As a student of foreign policy and a citizen of the United States, I take great interest in how other countries view the actions of my country. Canada is my closest neighbor and Australia very distant, but both sharing a common British heritage and language. Like many people, I do not agree with everything my country does, regardless of which party is in power. Seeing and understanding the views of neighbors and allies provides a different perspective for me.
Canada entered the fight in Afghanistan when Article 5 of the NATO charter was invoked for the first time. An attack on one member will be seen as an attack on all members. Canada dutifully rose to its position. I see this as a bit beyond what the original charter intended. Article 5 was directed at the Soviet Union and not a third world country. Canada took even more of a leading role in Afghanistan as a NATO member when the US concentrated its efforts in Iraq and left Afghanistan to NATO. Canada declined to participate in Iraq but felt the need to prove itself as a NATO member outside of Britain’s shadow. Canada has a long and proud history of peacekeeping, but Afghanistan proved to be different than previous missions.
Australia is connected to the United States by the ANZUS treaty (Australia New Zealand United States). Australia has sided with the United States before. They participated in the Vietnam War along the United States. They also became part of the “Coalition of the Willing” in Iraq contributing special forces and F-18 Hornets. Australia later became involved in the nation building process.
Two countries contributed to a war brought on by the attack of the United States. The attack, arguably, was brought on by US foreign policy in the region. Neither Canada nor Australia was threatened by Al-Qaeda and by siding with the United States would make them targets. There is the common belief that countries want to remain close to and in the good favor of the United States.

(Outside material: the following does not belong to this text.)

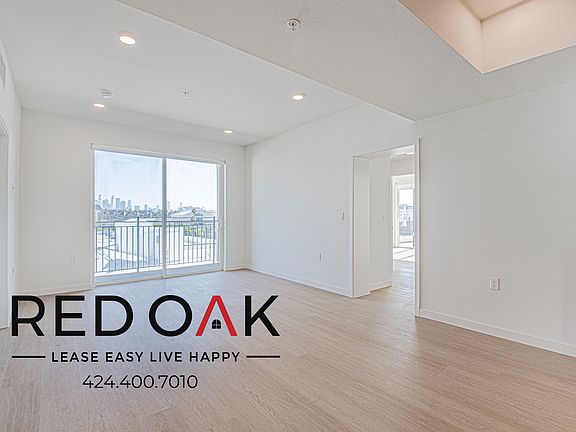5th image of 856 S Gramercy Dr #609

The primary reason is security. Nations under the US security umbrella do not have to build huge militaries to protect themselves. It is a recent theory that China opened to the US in the 1970s as a way to relieve the pressure of forty-two Soviet divisions on their border. Smaller military budgets mean more money is available for other uses. Still, when called nations willing show up to do their part.
Afghanistan proved to be unique for both countries. The peacekeeping and public works projects to win hearts and minds were still being conducted in hot zones. Unlike most peacekeeping missions, peace had not been realized (and still hasn’t) in most of the country. Regional and tribal disputes and struggles for power hampered any reconstruction work. Problems with public opinion varied and changed in both countries. Perhaps reminiscent of World War I, no one expected a war with a third world country to last almost a decade and a half.
Australia and Canada in Afghanistan: Perspectives on a Mission provides several different opinions on the involvement and lessons learned in Afghanistan. It was a war that looked liked it was nearly complete, and then the country that retaliated for the attack on its own home soil became distracted and decided to fight another war leaving Afghanistan to NATO and other allies. Australia and Canada in Afghanistan: Perspectives on a Mission is informative and covers a variety of issues that go beyond war fighting. Although classified as “Contemporary Canadian Issues” by the publisher, it well worth the read for Americans interested in the effects and opinions of its foreign policy and its relationship with its allies.